News Release from NASA's Jet Propulsion Laboratory

Images of knobbly rocks and rounded hills are delighting scientists as NASA’s Curiosity rover climbs Mount Sharp, a 5-mile-tall (8-kilometre-tall) mountain within the 96-mile-wide (154-kilometre-wide) basin of Mars’ Gale Crater. The rover’s Mast Camera, or Mastcam, highlights those features in a panorama (click on image to zoom in) captured on 3 July 2021 (the 3,167th Martian day, or sol, of the mission).

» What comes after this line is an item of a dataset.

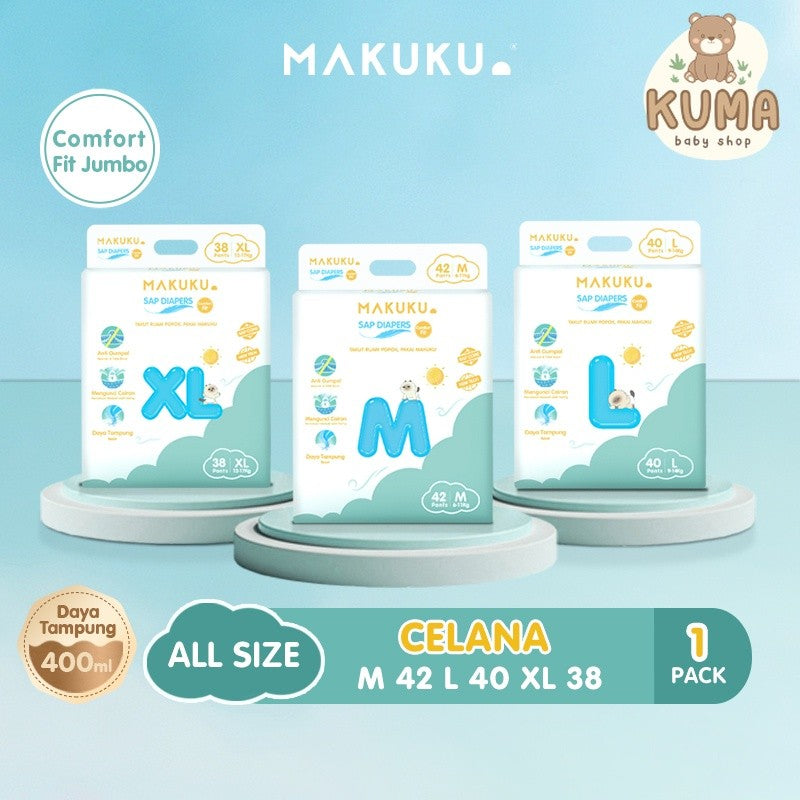 MAKUKU SAP Diapers Comfort Fit Jumbo Pants/Tape M/L/XL Popok Bayi Tipis Extra Dry Anti Gumpal Mengunci Cairan Cepat Kering Type Celana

This location is particularly exciting: Spacecraft orbiting Mars show that Curiosity is now somewhere between a region enriched with clay minerals and one dominated by salty minerals called sulphates. The mountain’s layers in this area may reveal how the ancient environment within Gale Crater dried up over time. Similar changes are seen across the planet, and studying this region up close has been a major long-term goal for the mission.

“The rocks here will begin to tell us how this once-wet planet changed into the dry Mars of today, and how long habitable environments persisted even after that happened,” said Abigail Fraeman, Curiosity’s deputy project scientist, at NASA’s Jet Propulsion Laboratory in Southern California.